This article has been written by Naman Sharma, pursuing B.A. LL.B (Hons) from Institute of Law Nirma University, Ahmedabad.
The primary consideration shall be given to the fact that why IBC came into being and what are the major areas it deals with. It is necessary to understand that prior to the advent of the Code there were multiple and overlapping laws which dealt with the issues pertaining to the financial failures and insolvencies of companies and individuals. There was also a multiplicity of forums that were present at such times.
The resultant of the same only led to chaos and problems as there was no lucidity in the laws pertaining to the subject and the multiplicity of forums only added to the chaos. It was pursuant to these problems that the reforms in the insolvency sector were thought over by the experts and thence was the Insolvency and Bankruptcy Bill introduced in the year 2015. The Bill was drafted by an expert committee named Bankruptcy Law Reforms Committee under the Ministry of Finance.
The Bill was cleared from both the houses and took the form of the Insolvency and Bankruptcy Code which became the law of the land in the year 2016. It led to the clubbing and consolidation of all the laws pertaining to the insolvency of partnership firms, companies and individuals and along with the same aims at providing rime bound resolution of insolvency and bankruptcy issues through limited forums.
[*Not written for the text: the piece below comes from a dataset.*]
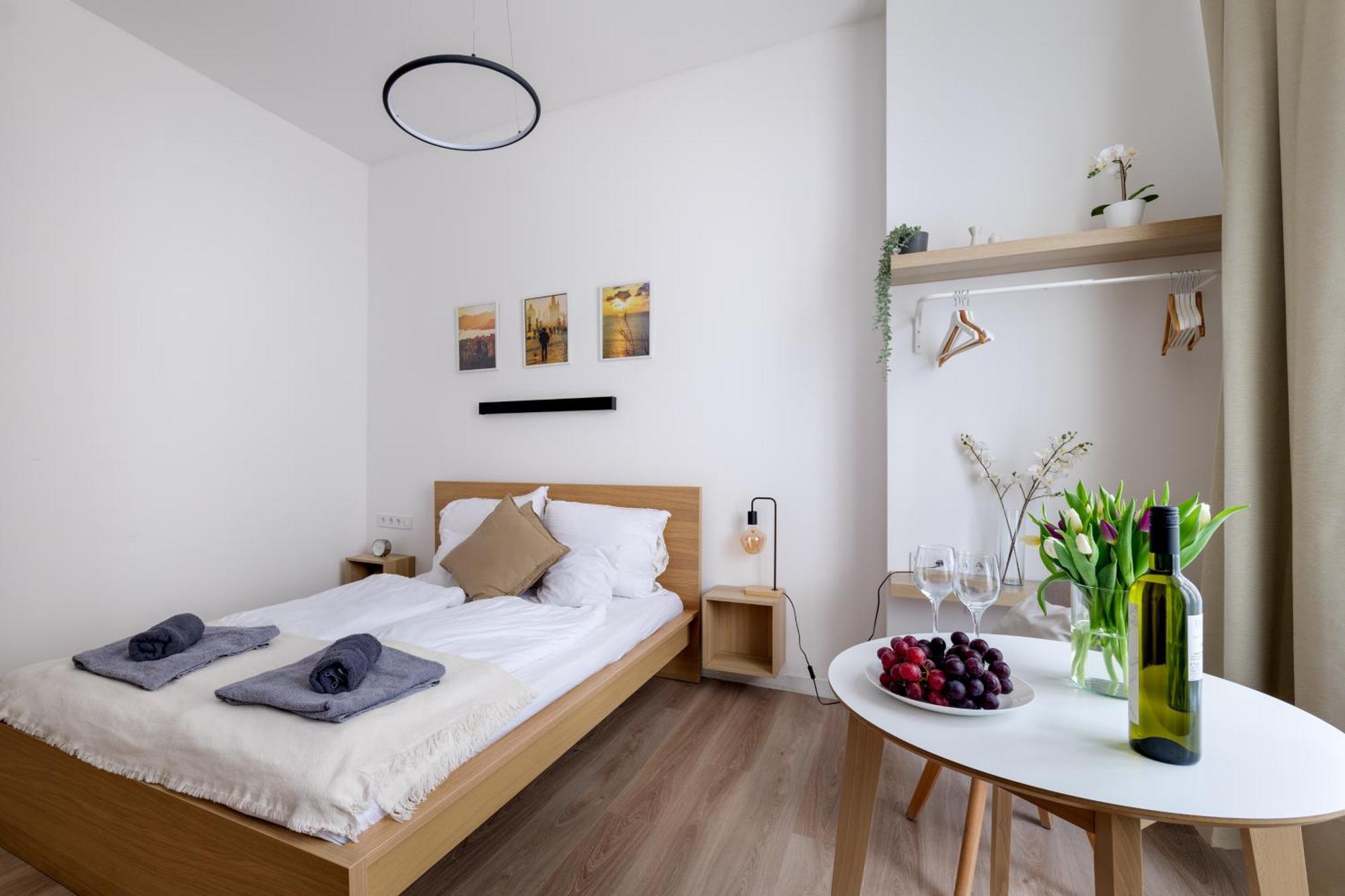 Ak7 Boutique Suites Budapest Exterior photo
Now, it becomes pertinent to move to the main issue of the research article which is the inclusion of homebuyers in the IBC.
The whole problem pertaining to the homebuyers and the issue of them being included in the Code arose when many of the homebuyers were left without any redressal and help due to them not getting their dream homes on time even after the whole of their money was given into such projects. It certainly shall be attributed to the lacunas on the side of the developers and builders who failed to perform their duty and denied the homebuyers from timely possession of their homes. The classic case for the same was the Jaypee Infratech Project case in which there were thousands of people who invested their money but were left in the lurch after neither were they provided timely possession of their houses nor were they left with any recourse.
Many of these homebuyers moved to NCLT, some chose the path of moving to the Apex Court where they rightly claimed that if insolvency proceedings are initiated against the Jaypee Infratech they will get nothing in their hands as they are the ones who will be the last in the list of beneficiaries from such insolvency proceedings. Pursuant to this, there was stay imposed by the Apex Court on the initiation of insolvency proceedings. The main issue here was that the homebuyers who have put their hard-earned money in such projects and have paid the major chunk of money out of the total sum are not treated as secured creditors nor as financial or operational creditors thus they shall be among the last people whose claims will only be fulfilled after all the other claims are being addressed. Hence this concern led the people in total dismay and pain.
A similar thing happened in the case of Amrapali Group Projects, where around 41,000 buyers moved the Supreme Court in a similar fashion where the Amrapali Group failed to give timely possession to the buyers. The SC in this case asked the Developer to devise out a plan to provide timely possession to the homebuyers. These are the cases which have always had a deep impact on the homebuyers who are only left with agony and pain after their hard-earned money is just wasted.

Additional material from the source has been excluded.